*Records for this task:*
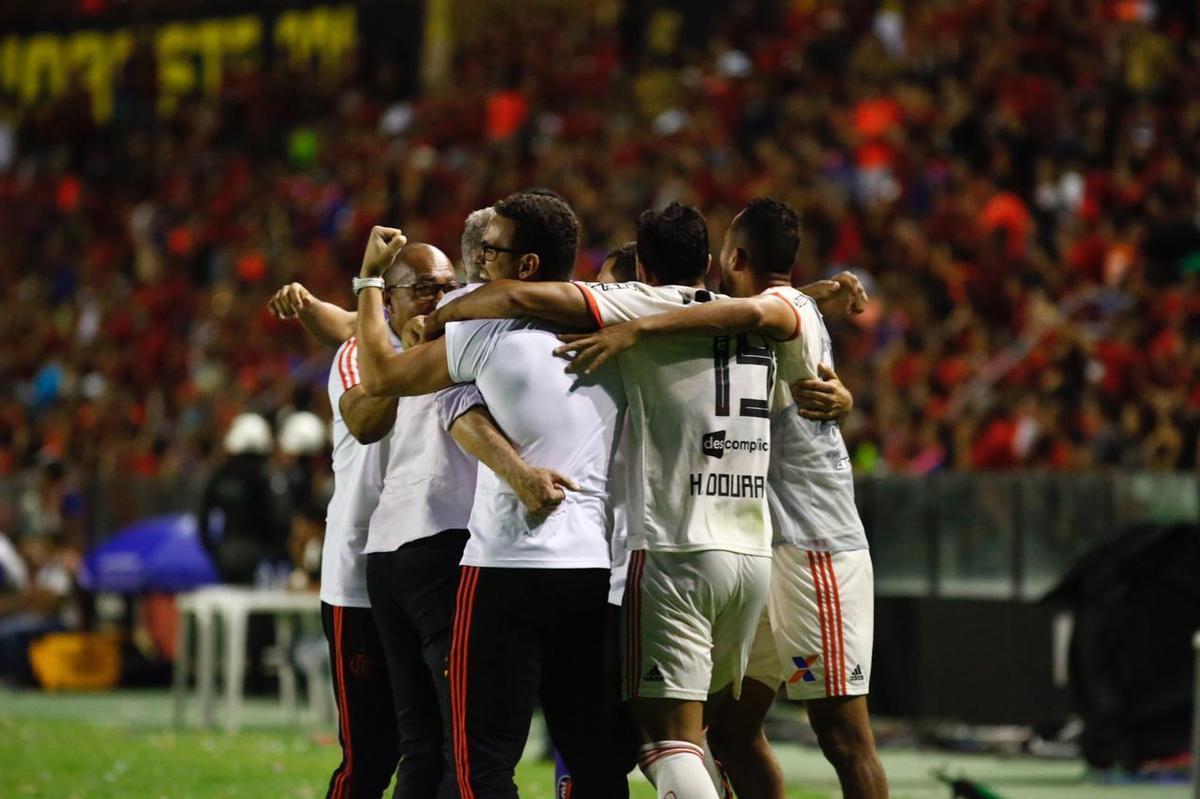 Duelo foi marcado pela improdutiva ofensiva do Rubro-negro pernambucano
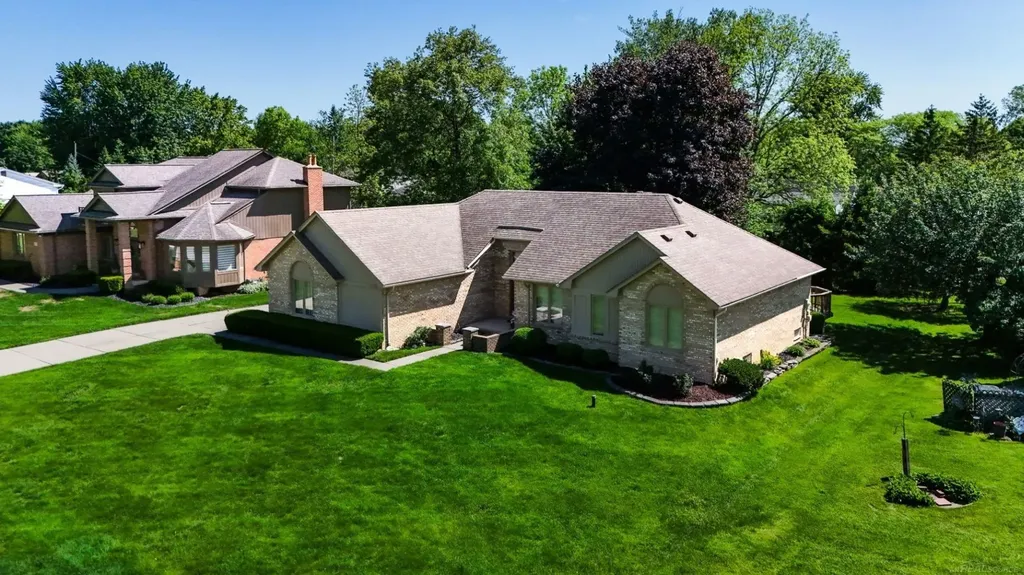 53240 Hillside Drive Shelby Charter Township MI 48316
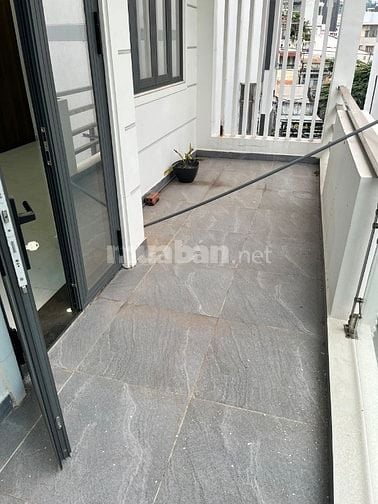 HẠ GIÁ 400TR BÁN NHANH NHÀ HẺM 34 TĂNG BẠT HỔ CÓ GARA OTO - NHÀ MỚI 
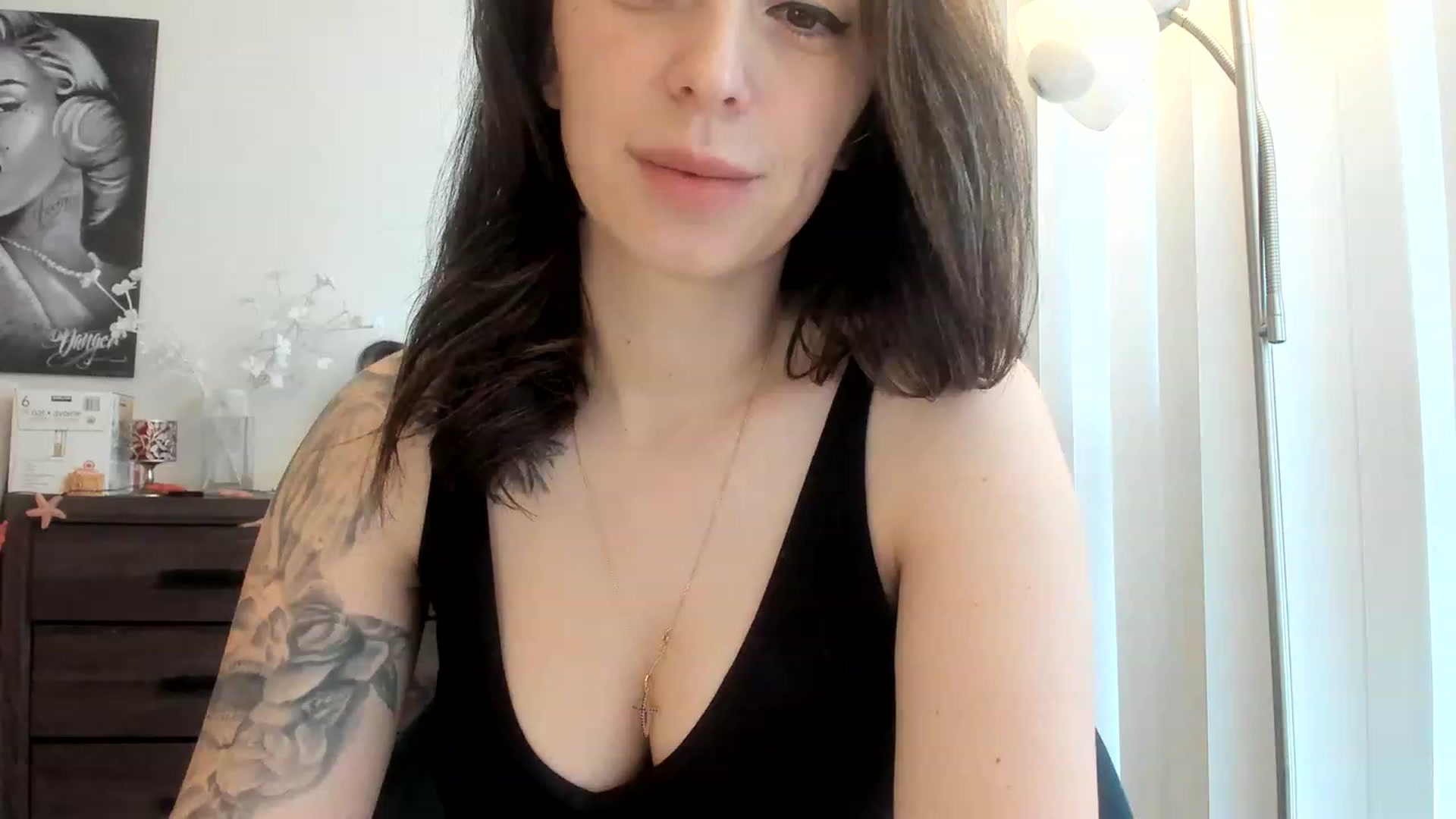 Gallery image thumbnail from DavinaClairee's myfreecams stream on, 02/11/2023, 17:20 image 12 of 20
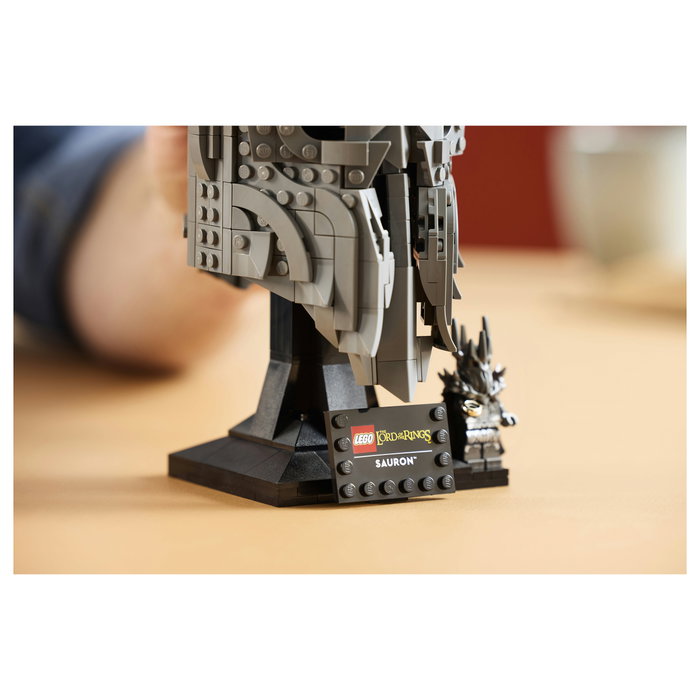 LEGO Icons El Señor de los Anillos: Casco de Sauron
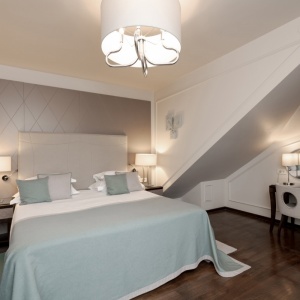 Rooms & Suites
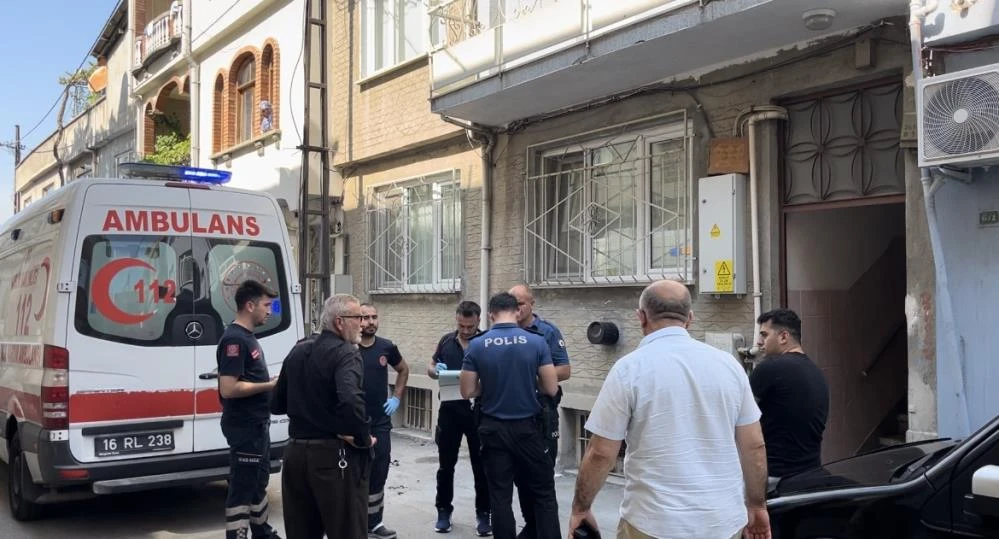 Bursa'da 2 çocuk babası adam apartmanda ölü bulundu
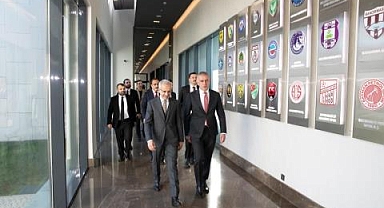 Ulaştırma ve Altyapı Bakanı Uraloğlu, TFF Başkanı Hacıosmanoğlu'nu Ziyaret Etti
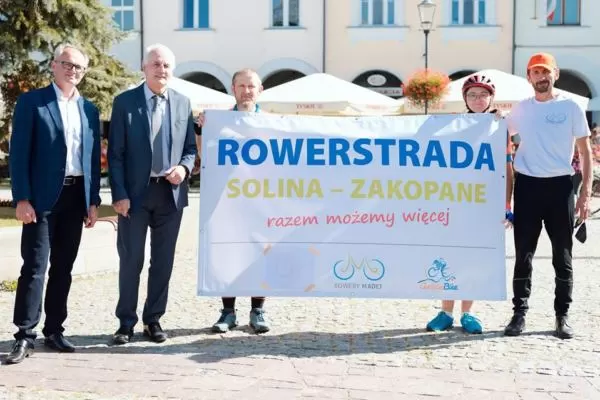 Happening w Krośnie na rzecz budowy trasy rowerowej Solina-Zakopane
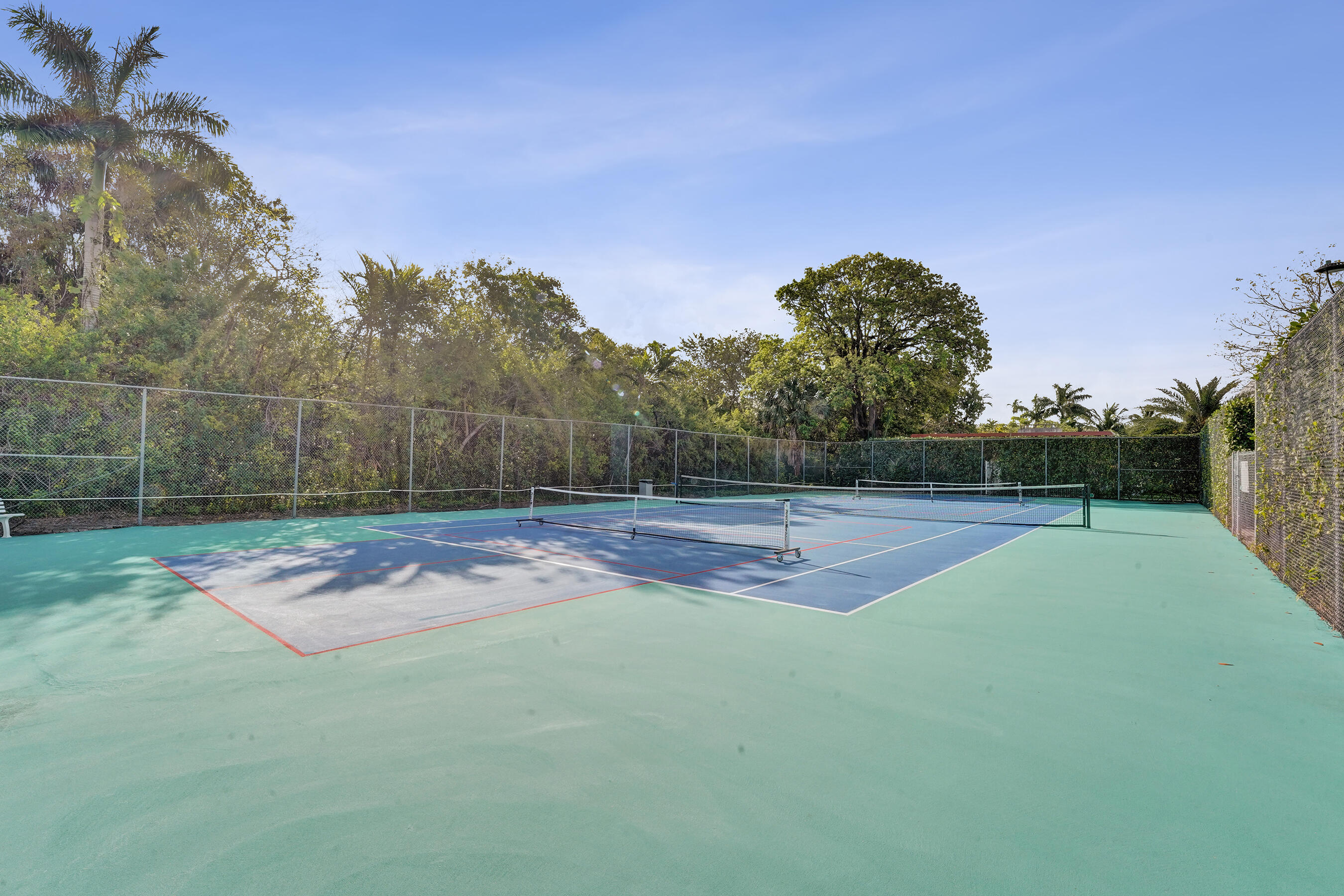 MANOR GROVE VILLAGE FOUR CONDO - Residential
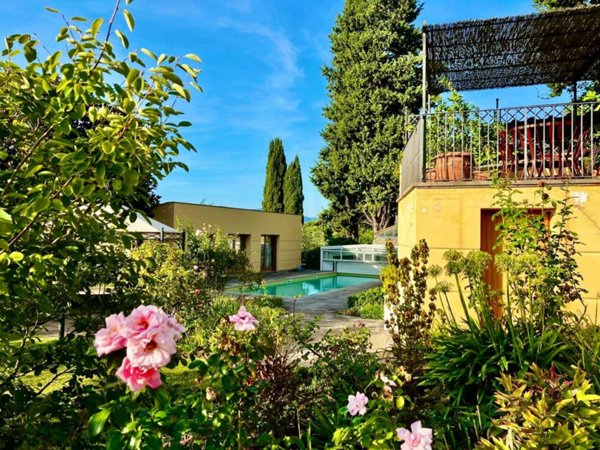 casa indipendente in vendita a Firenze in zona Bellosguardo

*What the task asks:*
Output should consist of the lines above from the one with "Rooms & Suites" down to the one with "MANOR GROVE VILLAGE FOUR CONDO - Residential", exact and without pictures.

*Task answer:*
 Rooms & Suites
 Bursa'da 2 çocuk babası adam apartmanda ölü bulundu
 Ulaştırma ve Altyapı Bakanı Uraloğlu, TFF Başkanı Hacıosmanoğlu'nu Ziyaret Etti
 Happening w Krośnie na rzecz budowy trasy rowerowej Solina-Zakopane
 MANOR GROVE VILLAGE FOUR CONDO - Residential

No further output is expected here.